The cover of the book is stunning. I noticed the creepy face in the clouds fairly early on, but there’s also a creepy figure next to the boy and I didn’t notice that until book club. It’s done using a shiny overlay and it was great that it took a while to notice.


I can’t separate out the fact that I enjoyed the story and really liked that I knew the locations involved. I know the streets around Ribbleton, Avenham park, the Harris Museum and Art gallery, the Miley tunnel, and of course Cold Bath Street.


It’s a tiny street near the University

My favourite painting from The Harris Museum is even in the story.

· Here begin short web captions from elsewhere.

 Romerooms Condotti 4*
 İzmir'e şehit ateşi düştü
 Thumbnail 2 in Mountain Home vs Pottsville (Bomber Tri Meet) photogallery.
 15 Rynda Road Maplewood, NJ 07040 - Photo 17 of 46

Pauline in the Yellow Dress by Herbert James Gunn


Aaaahhh Pauline!

This also nicely shows how beautifully illustrated the text is.  The illustrator is Janet Pickering.

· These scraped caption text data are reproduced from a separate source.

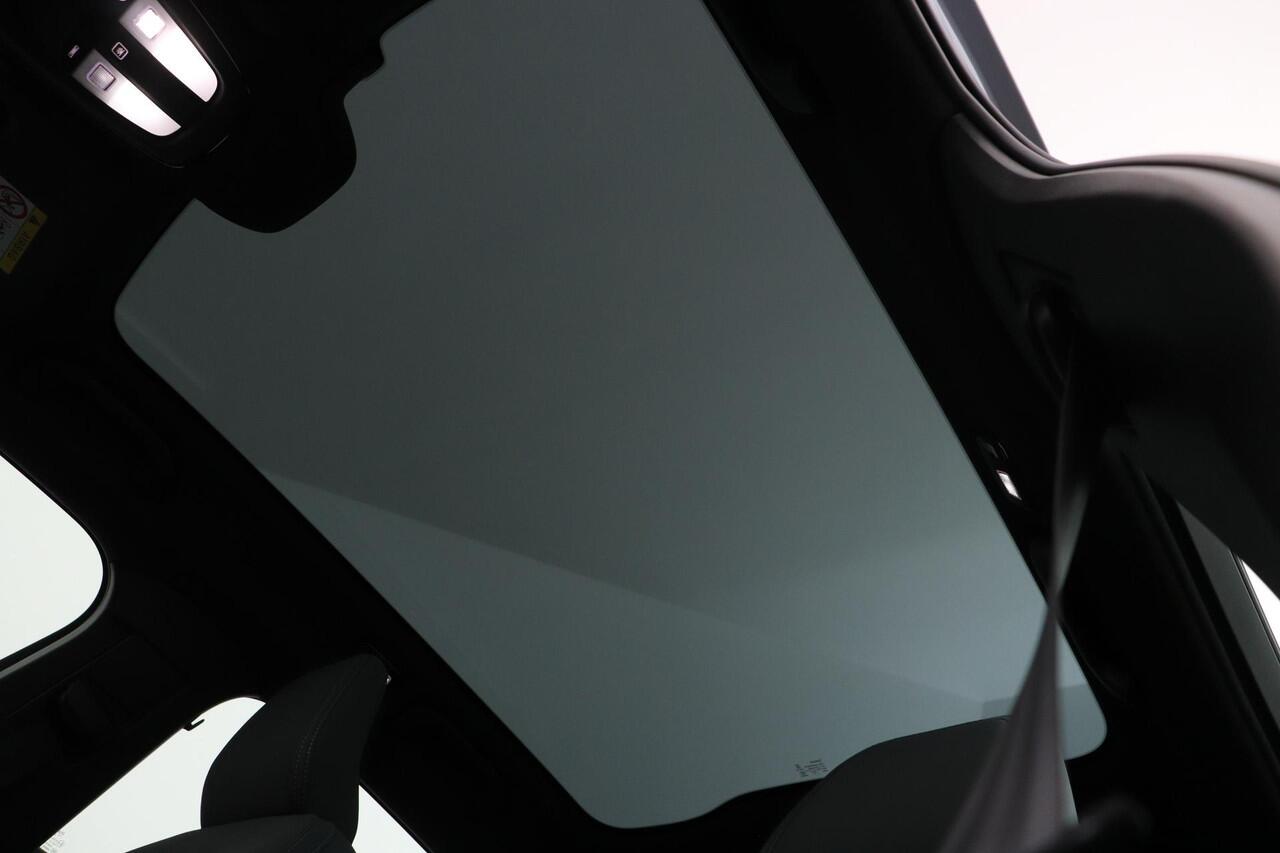 Polestar 2 Long Range Single Motor Plus 82 kWh | Plus | Pilot | Trekhaak | Panoramadak | ACC | 360° Camera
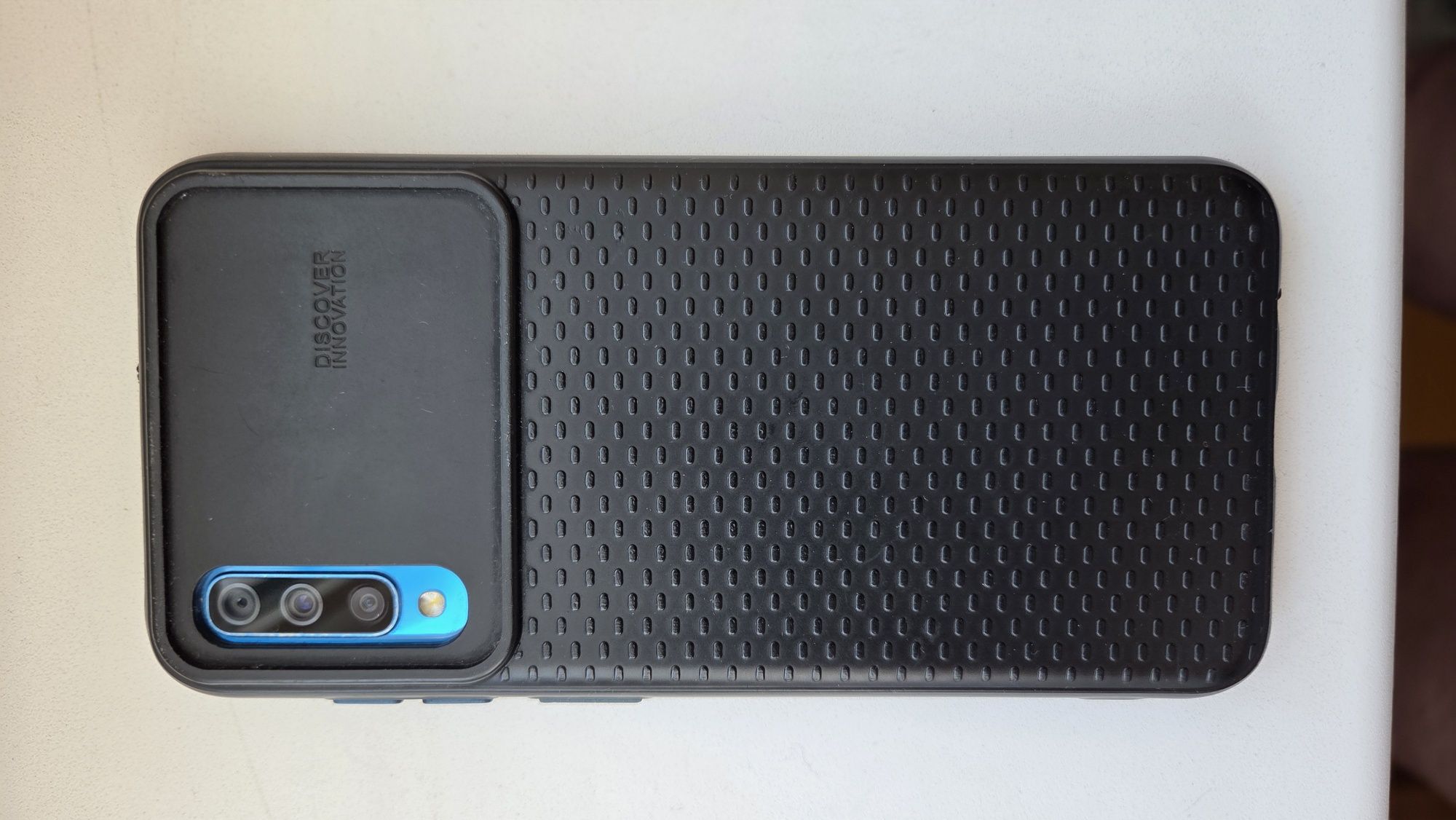 Продаётся смартфон SAMSUNG GALAXY A50 4/64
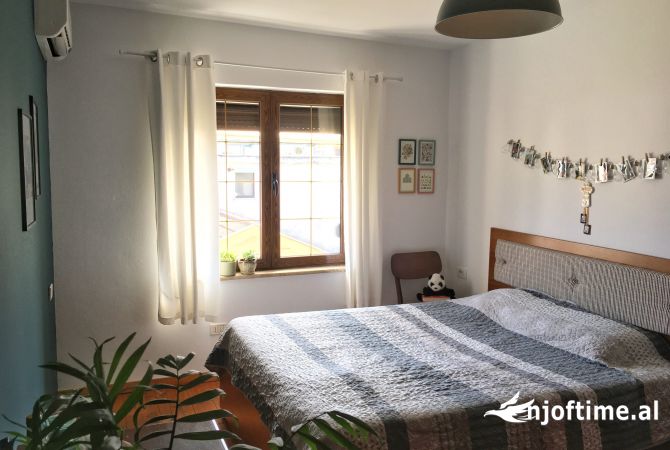 Shtepi me qera 2+1 ne Tirane - 55,000 Leke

So what is the story about? A boy dies. He gets trapped in limbo. Or The Bardo as I might like to call it since reading Lincoln in the Bardo (jk but that book is ace – do the audiobook though). There are NOT NICE things in this limbo. The living world can be accessed. Sort of, but it’s hard. Mystery and thrilling things ensue.


book club

Also worth a mention, I found it a little jarring that the main character is called Preston. It just felt a little weird. Overall though, I enjoyed Cold Bath Street. It’s a genre I have almost no experience of, and I think a great introduction to it.

The Hidden Man – Robin Blake

I would never have chosen to read this book in a million years, but book club chose it, and so I dutifully read it! A mystery concerning 1700s Preston… yey.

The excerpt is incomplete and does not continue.